I built the small urban area around my carfloat terminal using Proto:87 girder rail and street running cobblestones. It was difficult trackage to lay, because it was essentially hand laying each individual 3-inch rail section. It looks really good, but I wouldn't recommend it for running freight cars to a carfloat. The rail is just too small, and standard rolling stock wheels easily slip out. The appearance is not worth the number of derailments. For me, a solid, reliably running railroad is better than striving for so much prototype accuracy that reliability is sacrificed.
It takes an iron man to play with a toy iron horse.
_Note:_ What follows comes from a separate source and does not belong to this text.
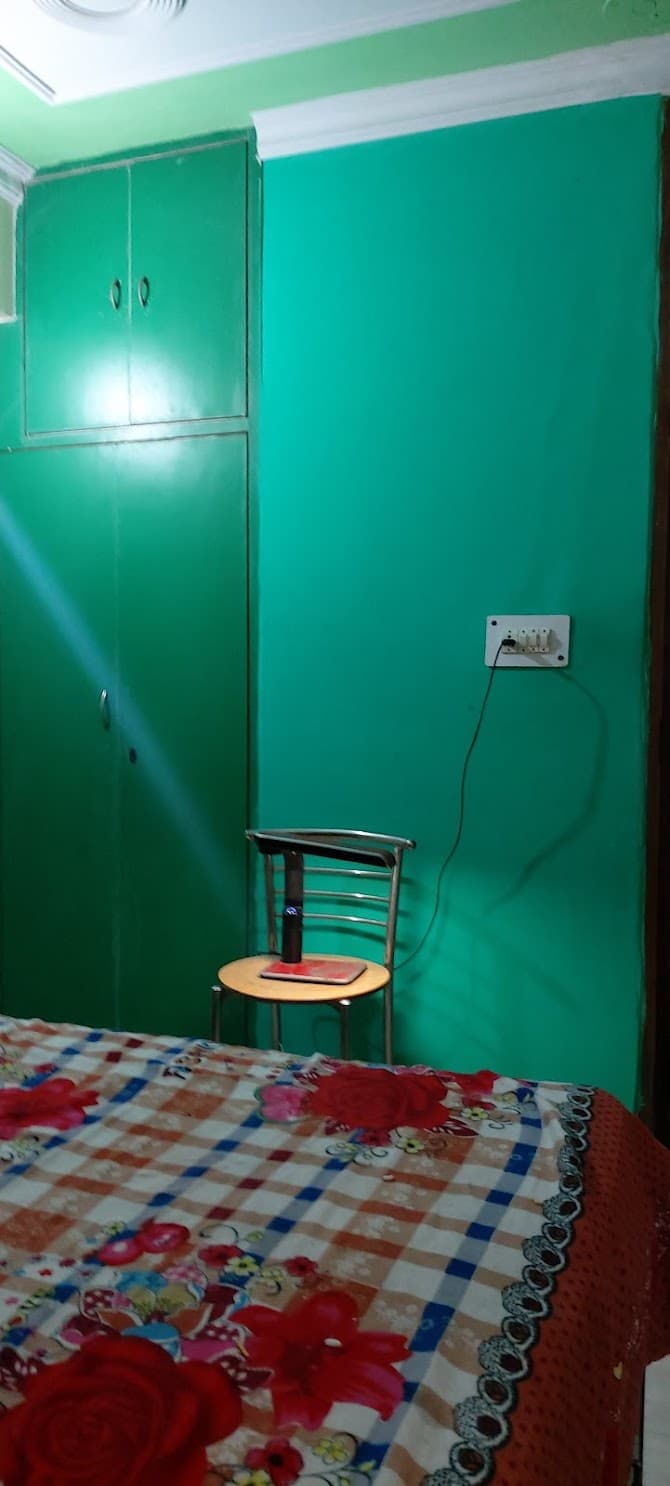 IELTS BAND 7 RDC Pink PG for Girls photo 2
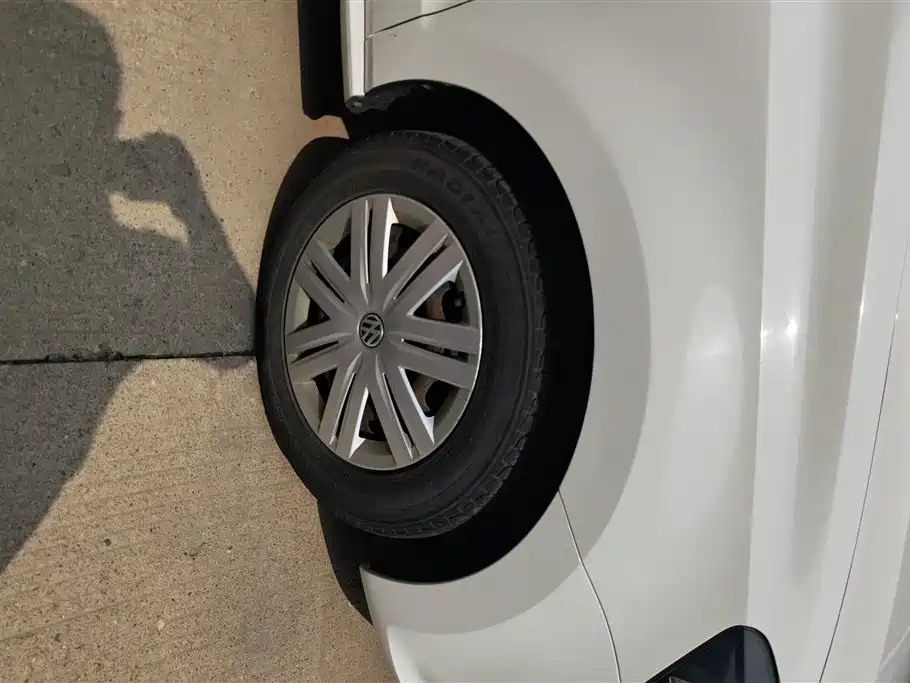 Volkswagen Polo 2016 1.4L Automatic Trend фото 6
At our club layout (70x72 with hand-laid track and turnouts), we've banned semi-scale wheels as they do give us quite a bit of trouble. Usually when a car derails it's a car problem rather than a track problem. One member had a lot of semi-scale stuff and most of the derailments were his equipment. Bummer, because they do look nice.
Aaron
MisterBeasley I built the small urban area around my carfloat terminal using Proto:87 girder rail and street running cobblestones. It was difficult trackage to lay, because it was essentially hand laying each individual 3-inch rail section. It looks really good, but I wouldn't recommend it for running freight cars to a carfloat. The rail is just too small, and standard rolling stock wheels easily slip out. The appearance is not worth the number of derailments. For me, a solid, reliably running railroad is better than striving for so much prototype accuracy that reliability is sacrificed.
When a train is running or even when cars are being switched, who can actually see that the wheels are too wide. We are usually looking at our cars from the side. If some are bothered by the wide wheels, they have the option to replace them.
I want my wheels and couplers to operate reliably and it doesn't bother me one bit that they are both oversized. The NMRA standards aren't broke. Don't fix them.